In the meantime, he was enthusiastically investigating the Scots tongue or leid and, in 1922, adopted the MacDiarmid handle. However, his first book, Annals of the Five Senses, published in 1923 at his own expense, was a mixture of prose and poetry in English.
In 1926 came his most famous work, A Drunk Man Looks at the Thistle, the most Scottish title in the history of poesy. The first lines of the book-length poem read: I amna fou’ sae muckle as tired – deid dune/It’s gey and hard wark coupin’ gless for gless/Wi’ Cruivie and Gilsanquhar and the like/And I’m no’ juist as bauld as aince I wes.
I see. MacDiarmid expert Kenneth Buthlay describes A Drunk Man as “crammed full of fine lyrics, satire, flyting, parody, burlesque, occasional verse, Rabelaisian jokes, metaphysical conceits, translations and adaptations, sustained meditations and speculations on philosophical and religious problems, elemental symbols, and allusions recondite and otherwise”. Yes, that’s almost word-for-word what I thought.

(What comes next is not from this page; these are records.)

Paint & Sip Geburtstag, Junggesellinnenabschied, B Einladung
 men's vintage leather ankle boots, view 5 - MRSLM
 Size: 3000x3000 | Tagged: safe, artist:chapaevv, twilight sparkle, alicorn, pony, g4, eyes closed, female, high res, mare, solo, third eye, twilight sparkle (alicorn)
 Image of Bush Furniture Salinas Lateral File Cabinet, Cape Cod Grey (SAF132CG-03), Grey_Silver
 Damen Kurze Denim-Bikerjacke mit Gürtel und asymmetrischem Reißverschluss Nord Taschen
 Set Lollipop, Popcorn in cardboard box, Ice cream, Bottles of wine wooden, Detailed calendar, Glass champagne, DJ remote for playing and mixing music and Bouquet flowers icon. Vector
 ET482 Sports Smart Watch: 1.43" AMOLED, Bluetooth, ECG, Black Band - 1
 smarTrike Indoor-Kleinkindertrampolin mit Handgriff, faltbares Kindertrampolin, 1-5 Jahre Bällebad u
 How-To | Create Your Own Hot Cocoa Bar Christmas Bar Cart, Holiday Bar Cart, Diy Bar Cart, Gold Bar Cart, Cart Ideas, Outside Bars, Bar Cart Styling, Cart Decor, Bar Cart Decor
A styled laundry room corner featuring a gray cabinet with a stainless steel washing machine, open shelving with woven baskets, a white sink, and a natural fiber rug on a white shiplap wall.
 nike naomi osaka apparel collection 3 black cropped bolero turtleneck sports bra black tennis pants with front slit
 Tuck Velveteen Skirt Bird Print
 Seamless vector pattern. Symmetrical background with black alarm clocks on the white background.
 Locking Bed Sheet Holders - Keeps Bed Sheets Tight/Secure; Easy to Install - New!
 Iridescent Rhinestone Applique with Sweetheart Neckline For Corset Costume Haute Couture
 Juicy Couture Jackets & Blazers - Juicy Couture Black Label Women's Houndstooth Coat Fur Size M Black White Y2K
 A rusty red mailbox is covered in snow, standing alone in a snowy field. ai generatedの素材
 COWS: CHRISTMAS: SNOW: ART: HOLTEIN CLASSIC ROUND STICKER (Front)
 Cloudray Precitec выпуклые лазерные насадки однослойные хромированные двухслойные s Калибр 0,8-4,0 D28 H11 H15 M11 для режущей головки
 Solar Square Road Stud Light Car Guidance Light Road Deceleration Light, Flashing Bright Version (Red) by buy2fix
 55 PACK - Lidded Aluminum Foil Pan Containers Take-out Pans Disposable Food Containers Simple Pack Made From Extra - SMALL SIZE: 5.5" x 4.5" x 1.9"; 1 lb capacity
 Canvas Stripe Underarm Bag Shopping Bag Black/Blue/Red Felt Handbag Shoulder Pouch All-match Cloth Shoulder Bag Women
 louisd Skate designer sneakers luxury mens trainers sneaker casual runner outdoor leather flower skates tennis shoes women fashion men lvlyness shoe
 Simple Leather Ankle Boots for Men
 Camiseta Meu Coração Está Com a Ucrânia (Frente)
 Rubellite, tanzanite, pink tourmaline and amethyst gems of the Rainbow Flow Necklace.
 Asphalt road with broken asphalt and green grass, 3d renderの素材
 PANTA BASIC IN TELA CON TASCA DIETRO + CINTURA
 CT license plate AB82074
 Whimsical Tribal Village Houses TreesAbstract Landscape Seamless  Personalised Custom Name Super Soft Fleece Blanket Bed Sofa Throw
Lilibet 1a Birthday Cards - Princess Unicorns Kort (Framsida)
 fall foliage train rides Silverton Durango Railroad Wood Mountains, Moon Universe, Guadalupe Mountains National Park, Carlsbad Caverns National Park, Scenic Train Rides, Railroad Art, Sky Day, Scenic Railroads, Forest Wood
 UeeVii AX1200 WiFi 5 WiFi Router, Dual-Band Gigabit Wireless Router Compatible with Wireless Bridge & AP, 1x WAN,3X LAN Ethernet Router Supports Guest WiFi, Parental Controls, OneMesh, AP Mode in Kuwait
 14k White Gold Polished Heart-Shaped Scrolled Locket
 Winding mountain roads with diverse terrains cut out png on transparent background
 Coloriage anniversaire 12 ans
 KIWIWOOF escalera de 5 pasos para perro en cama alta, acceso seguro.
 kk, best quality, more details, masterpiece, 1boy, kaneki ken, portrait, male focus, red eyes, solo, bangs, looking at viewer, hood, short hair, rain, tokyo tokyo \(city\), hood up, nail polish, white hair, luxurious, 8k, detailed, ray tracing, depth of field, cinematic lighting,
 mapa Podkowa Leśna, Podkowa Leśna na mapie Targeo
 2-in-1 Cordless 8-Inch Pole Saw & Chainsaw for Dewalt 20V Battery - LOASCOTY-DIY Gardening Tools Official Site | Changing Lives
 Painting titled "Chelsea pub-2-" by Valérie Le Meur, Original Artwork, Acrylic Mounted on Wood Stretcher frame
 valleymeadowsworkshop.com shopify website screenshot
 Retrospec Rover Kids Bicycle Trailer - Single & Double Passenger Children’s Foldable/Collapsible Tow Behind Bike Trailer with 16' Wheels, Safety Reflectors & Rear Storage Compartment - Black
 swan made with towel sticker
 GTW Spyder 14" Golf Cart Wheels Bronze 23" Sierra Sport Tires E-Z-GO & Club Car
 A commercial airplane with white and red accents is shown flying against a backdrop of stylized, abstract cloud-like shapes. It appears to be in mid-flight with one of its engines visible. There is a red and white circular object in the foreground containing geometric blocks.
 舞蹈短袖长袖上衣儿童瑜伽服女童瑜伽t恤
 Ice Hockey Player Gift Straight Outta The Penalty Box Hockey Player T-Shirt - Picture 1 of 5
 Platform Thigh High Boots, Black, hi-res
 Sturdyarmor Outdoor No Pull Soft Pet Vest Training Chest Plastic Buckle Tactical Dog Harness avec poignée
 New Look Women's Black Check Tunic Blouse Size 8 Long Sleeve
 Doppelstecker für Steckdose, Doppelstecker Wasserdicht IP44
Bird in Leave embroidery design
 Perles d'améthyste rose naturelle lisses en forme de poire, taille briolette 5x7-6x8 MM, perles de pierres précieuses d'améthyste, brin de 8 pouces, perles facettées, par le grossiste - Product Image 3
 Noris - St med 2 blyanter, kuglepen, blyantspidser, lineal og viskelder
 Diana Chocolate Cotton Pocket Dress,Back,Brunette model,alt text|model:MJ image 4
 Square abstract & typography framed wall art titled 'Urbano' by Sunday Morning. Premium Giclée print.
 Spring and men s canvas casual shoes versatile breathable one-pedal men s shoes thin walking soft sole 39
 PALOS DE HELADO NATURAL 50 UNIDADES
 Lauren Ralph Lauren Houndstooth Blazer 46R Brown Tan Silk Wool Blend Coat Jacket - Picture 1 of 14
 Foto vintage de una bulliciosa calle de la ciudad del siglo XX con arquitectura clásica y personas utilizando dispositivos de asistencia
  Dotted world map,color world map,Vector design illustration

At any rate, MacDiarmid deployed a “synthetic Scots” language of his own, melding multiple dialects. In his later work, he returned mostly to English or, indeed, “synthetic English”, combining scientific vocabulary as, to less than universal acclaim, he moved to more fact-based verse.
The Poetry Foundation notes that his work is “often characterised as lyrical, argumentative, polemical, and contradictory”, while the English critic (with Scottish parents) Ian Hamilton judged that MacDiarmid “makes his own rules, contemns categories, cracks open water-tight compartments, bestraddles disciplines, scorns social, cultural, and academic cliques and claques …”
Hamilton also wrote of encountering in MacDiarmid a reference to “mither-fochin scones”, which rather took him back, until he looked up the glossary and found that, in MacDiarmid’s Scots, “to foch” meant “to turn [used of scones on a griddle]”.
In 1929, MacDiarmid foched off to London, where he worked for a year on Compton Mackenzie’s magazine Vox. Next came Liverpool from 1930 to 1931, London again, then the village of Thakeham in West Sussex, before returning to Scotland and, in 1933, moving with this son and his second wife to the attractively named settlement of Sodom (originally Sudheim) on the Shetland island of Whalsay.
In 1942, war work took him to Glasgow, where he lived until 1949, in which year the English, and anti-Scottish, writer George Orwell shopped him to MI5 as among those “those who should not be trusted”. Indeed, he’d been watched by British intelligence since 1943.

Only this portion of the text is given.